En cualquier caso, la política de contención del expansionismo chino va a ser una constante de cualquier Administración norteamericana. Los matices están en el cambio de paradigma de la situación en Oriente Medio, donde se está consiguiendo la «reconciliación» entre Israel y buena parte del mundo árabe, en detrimento de la política expansionista iraní, con un claro perdedor: la causa palestina, la creciente convicción de la Unión Europea en profundizar su «autonomía estratégica», o en la progresiva configuración, aún incipiente, de una Alianza Indo-pacífica frente a China que sin duda Biden ahondará.
La relación actual con España es definible como correcta. Para Estados Unidos, la alianza con España, con las bases de Rota y Morón como máximo ejemplo, es estratégica. Y ello le da bazas muy claras a nuestro país para trabajar en la relación bilateral y llevarla más allá de los acuerdos en materia de seguridad y defensa, como sucedió a principios del presente milenio.
Tras el triunfo de Biden, el escenario que se plantea no es muy distinto al actual. Va a cambiar el lenguaje y la retórica, pero las grandes macro-tendencias van a ser las mismas: la confrontación con China, la fijación del centro de gravedad del planeta en el Indo-pacífico, en torno al estrecho de Malaca, y, en general, el repliegue norteamericano del Atlántico y de Oriente Medio. Otra cosa es que se corrija la deriva unilateralista, aunque limitada por los compromisos internos y electorales en relación a la defensa de los intereses norteamericanos y con ello se produzca una cierta recuperación del espíritu de las alianzas tradicionales. El previsible nombramiento de Antony Blinken como secretario de Estado apunta en esa dirección. Todo esto, con claras excepciones que sí pueden suponer cambios sustanciales: la vuelta a los Acuerdos de París, a la Organización Mundial de la Salud o, incluso, aunque muy difícil, a los acuerdos con Irán en el ámbito nuclear.
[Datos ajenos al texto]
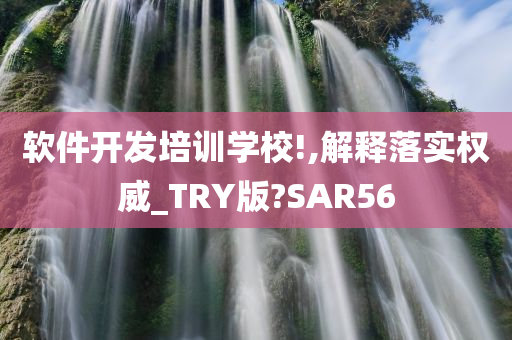 软件开发培训学校!,解释落实权威_TRY版?SAR56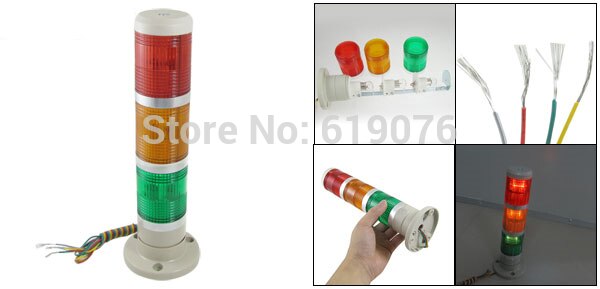 LED LAMP Signal Industrial Tower Light Red Yellow Green Safety Warning Stack Lamp Alarm Apparatus 12V 24V 110V 220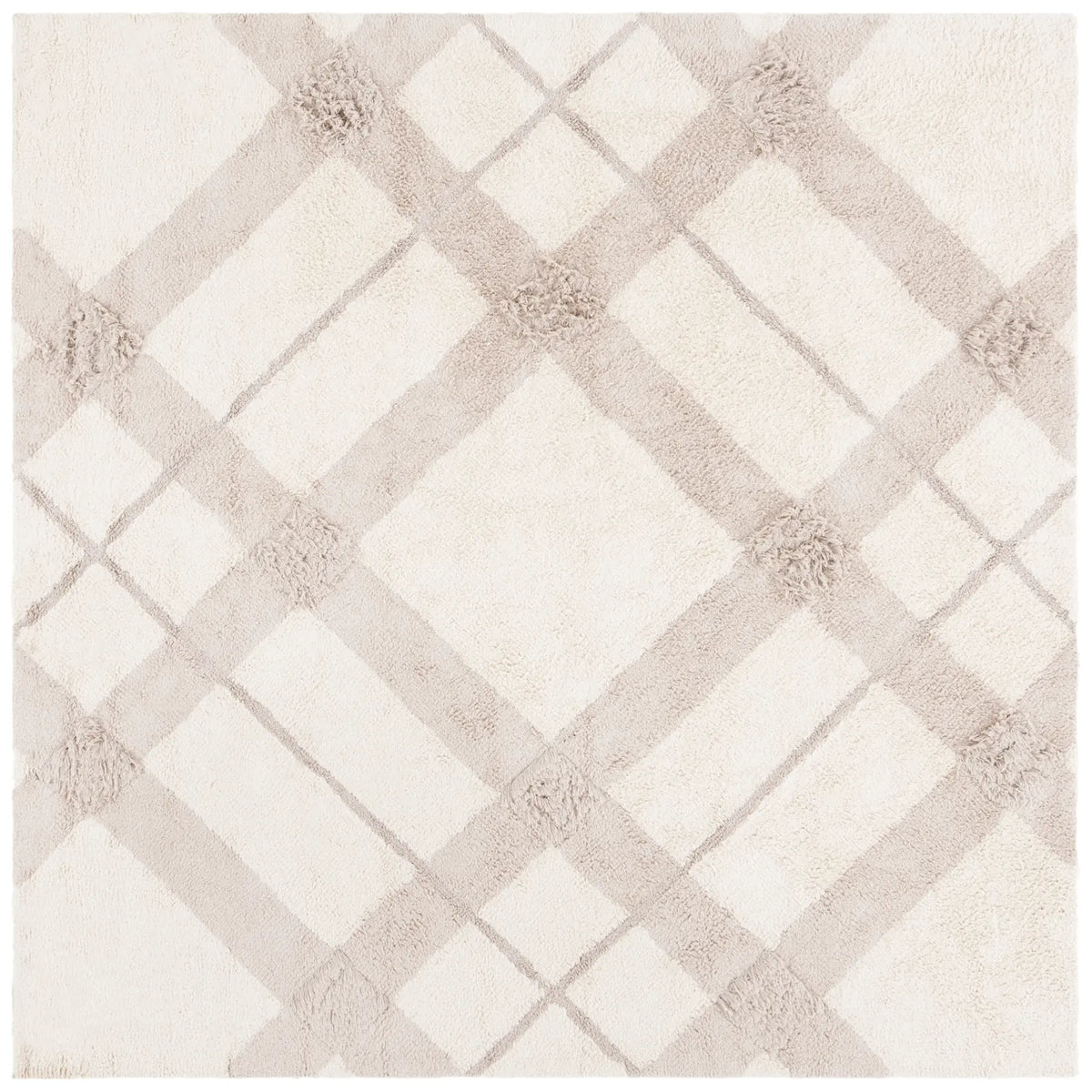 Safavieh Easy Care 6'-0" x 6'-0" Rug in Ivory / Beige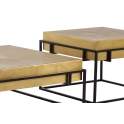 Conjunto 2 Mesa de Centro Estilo Industrial Serie Aristi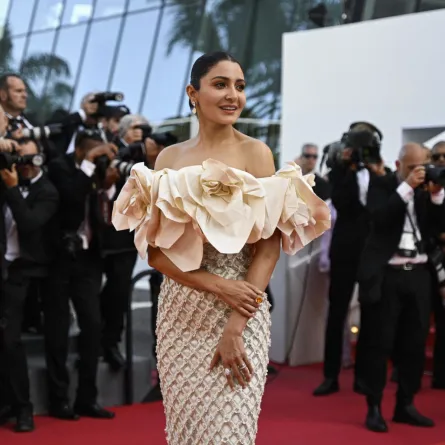 أنوشكا شارما Anushka Sharma في مهرجان كان السينمائي 2023. مصدر الصورة: Patricia DE MELO MOREIRA / AFP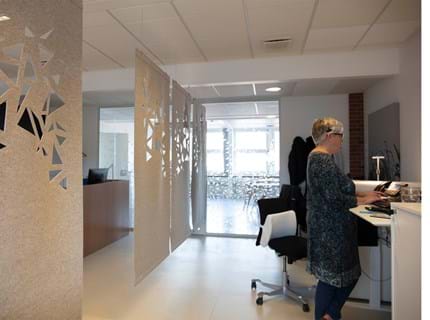 Covers rumdeler i filt, Nørrebro sundhedshus (1)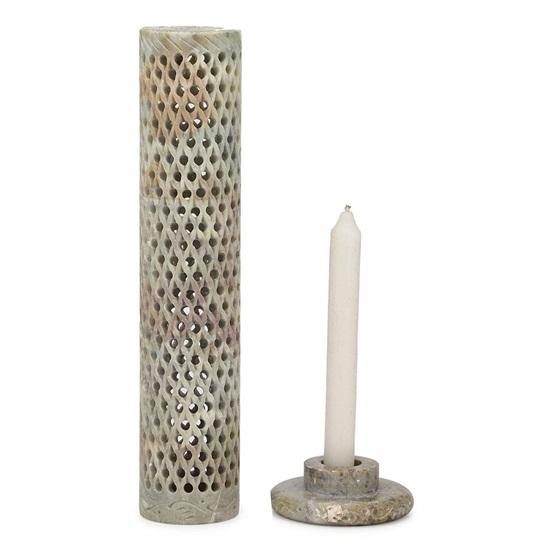 26.67 Cm Soapstone Marble Work Incense Holder Tea Light Candle Holder Diffuser Agarbaati Stands Free 6 Incense Sticks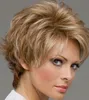 WIG Light Gold Blonde Synthetic Hair Wigs Quality lady's Short Wig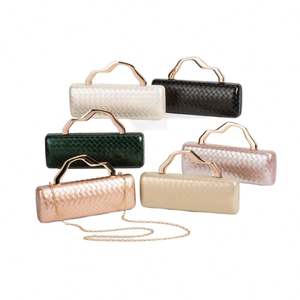 Sac à main avec mosaïque de métal multicolore pour femme, sac de soirée, sac à main de type boîte pour mariage, sac à main pour - Product Image 1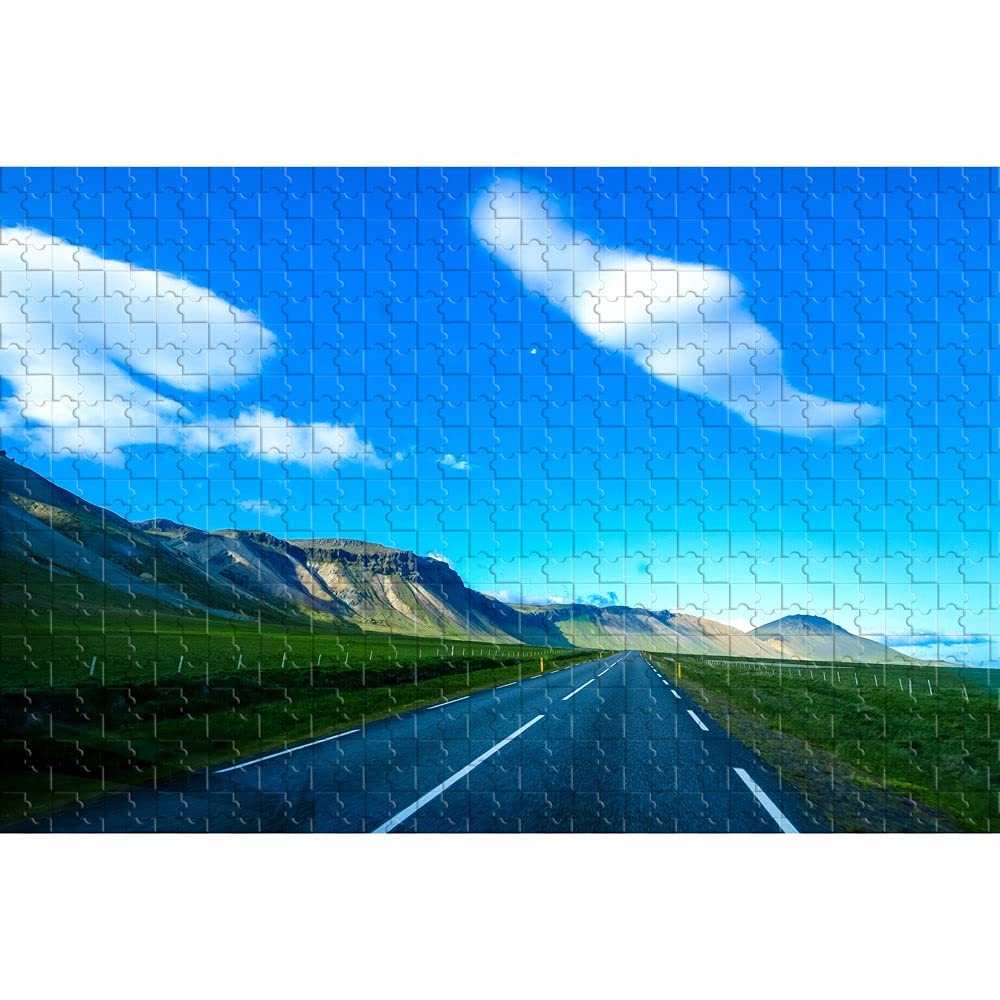 1000-Piece Wooden Jigsaw Puzzle - Outdoor Road Landscape Puzzle for Kids & Adults - Educational Game & Fun Gift for Family & Friends - Perfect for Home Decor, Classroom Learning & Relaxation (6000-Piece Option Available)
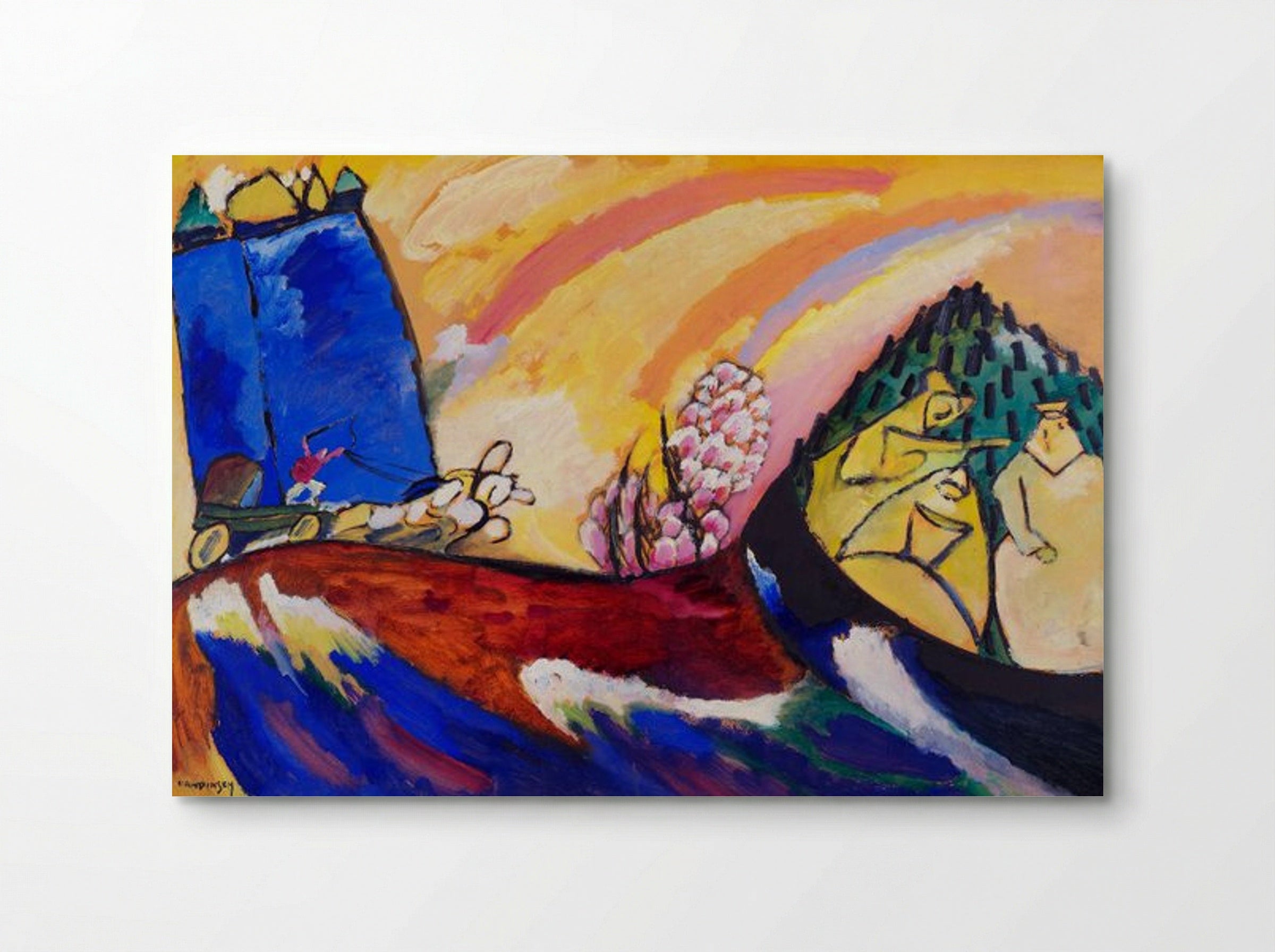 Painting with Troika - Wassily Kandinsky - Poster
En cuanto a la Unión Europea, seguramente haya una mejor sintonía, aunque debe ser quien tome la iniciativa y deje claro que «autonomía estratégica» no implica el debilitamiento del vínculo atlántico ni del compromiso de incrementar sus esfuerzos presupuestarios en seguridad y defensa hasta el 2% del PIB de cada Estado miembro de la OTAN. El papel de España en este ámbito debe ser proactivo buscando contribuir a esa labor.
Aun así, no será el fin de la guerra comercial, aunque es probable que se suavice enormemente y que se negocie una vuelta al status quo previo a las sanciones impuestas por la OMC a la UE por las ayudas a Airbus, máxime cuando habrá también sanciones a EE.UU. por las ayudas a Boeing. Lo razonable es evitar una escalada de represalias sin sentido y en donde pierden todos. Lo que se antoja prácticamente imposible es volver a negociar un Tratado Transatlántico (TPIP), que se abortó no sólo por la retirada de Trump, sino también por enormes resistencias internas en la propia UE.